### Material provided
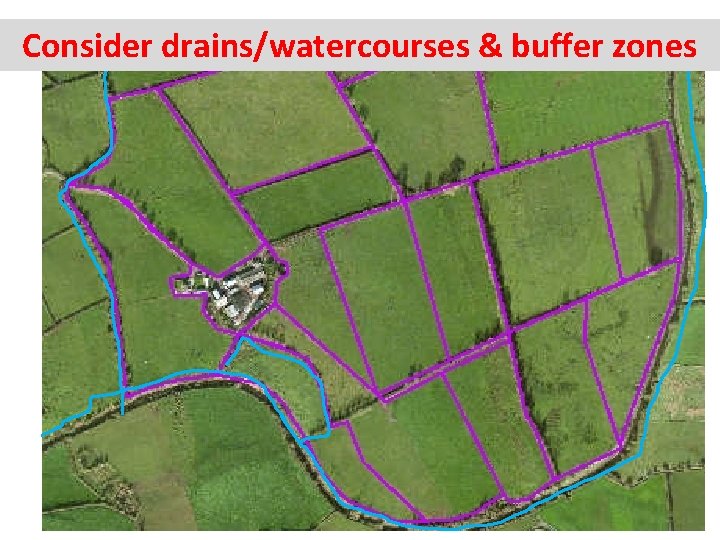 Consider drains/watercourses & buffer zones 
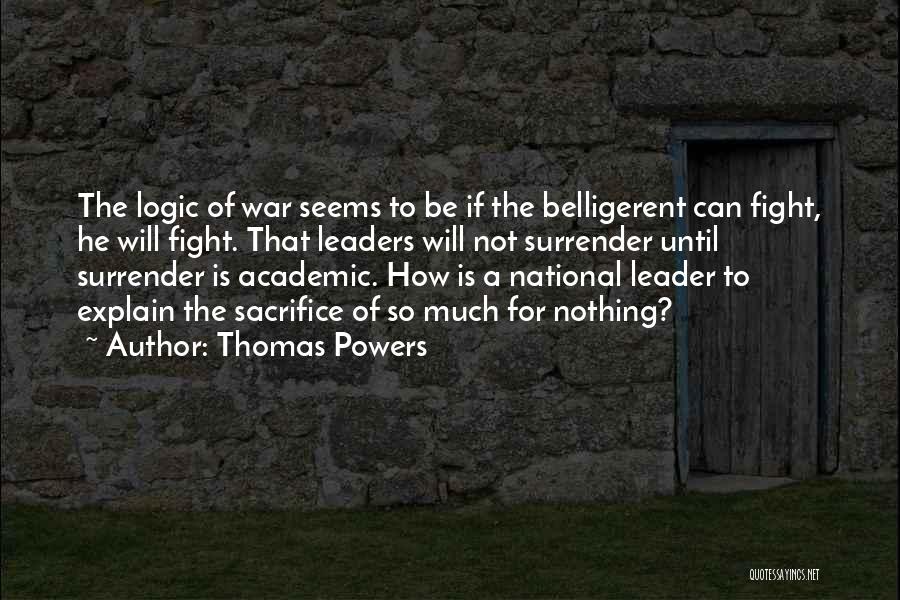 Thomas Powers Quotes: The Logic Of War Seems To Be If The Belligerent Can Fight, He Will Fight. That Leaders Will Not Surrender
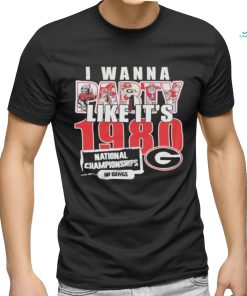 I Wanna Party Like It’s 1980 National Championships Georgia Bulldogs Shirt
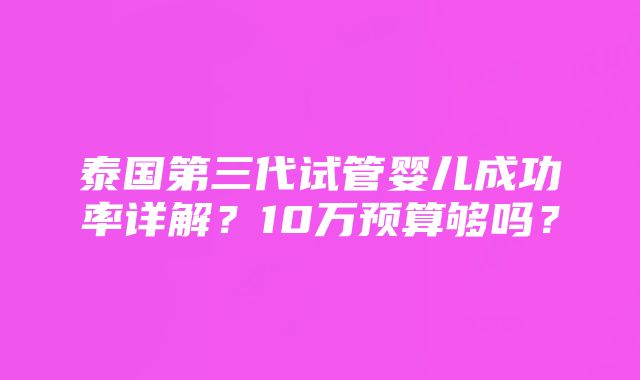 泰国第三代试管婴儿成功率详解？10万预算够吗？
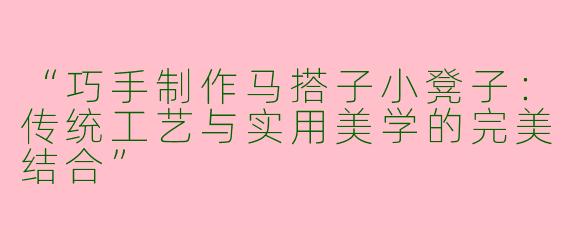 “巧手制作马搭子小凳子：传统工艺与实用美学的完美结合”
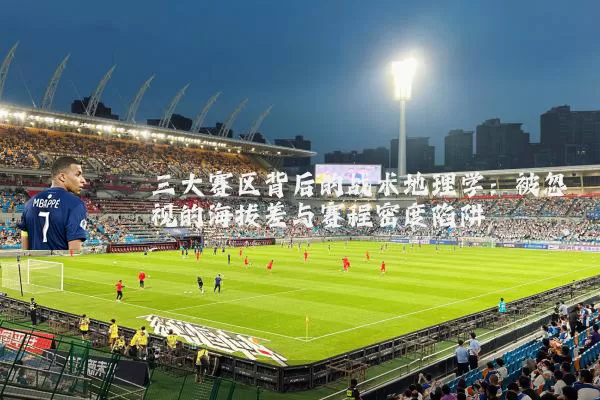 三大赛区背后的战术地理学：被忽视的海拔差与赛程密度陷阱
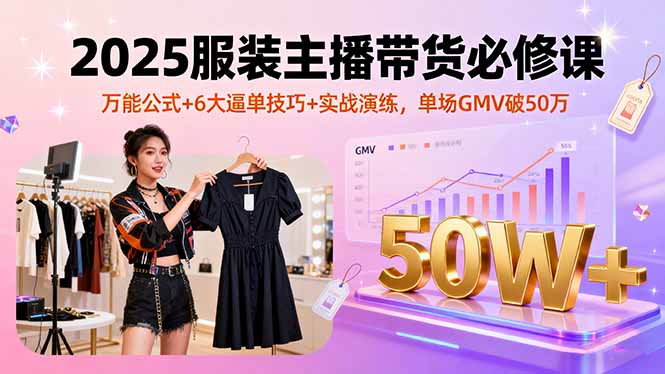 2025服装主播带货必修课，万能公式+6大逼单技巧+实战演练，单场GMV破50万-非凡网-资源网-最新项目分享网站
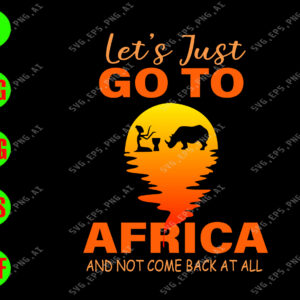 WATERMARK 01 129 Let's just go to Africa and not come back at all svg, dxf,eps,png, Digital Download
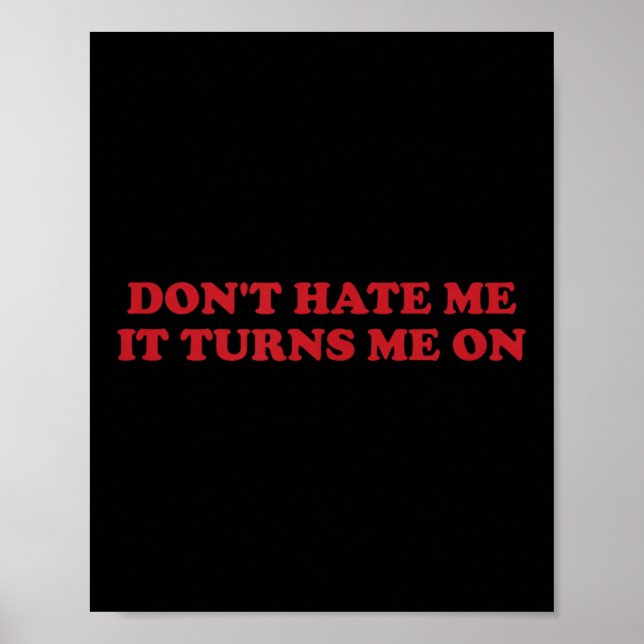 Póster Don't Hate Me, It Turns Me On  (Frente)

### Exercise instructions
Everything in the entries above, apart from the images, should be printed exactly.

### Solution to this problem
 Consider drains/watercourses & buffer zones 
 Thomas Powers Quotes: The Logic Of War Seems To Be If The Belligerent Can Fight, He Will Fight. That Leaders Will Not Surrender
 I Wanna Party Like It’s 1980 National Championships Georgia Bulldogs Shirt
 泰国第三代试管婴儿成功率详解？10万预算够吗？
 “巧手制作马搭子小凳子：传统工艺与实用美学的完美结合”
 三大赛区背后的战术地理学：被忽视的海拔差与赛程密度陷阱
 2025服装主播带货必修课，万能公式+6大逼单技巧+实战演练，单场GMV破50万-非凡网-资源网-最新项目分享网站
 WATERMARK 01 129 Let's just go to Africa and not come back at all svg, dxf,eps,png, Digital Download
 Póster Don't Hate Me, It Turns Me On  (Frente)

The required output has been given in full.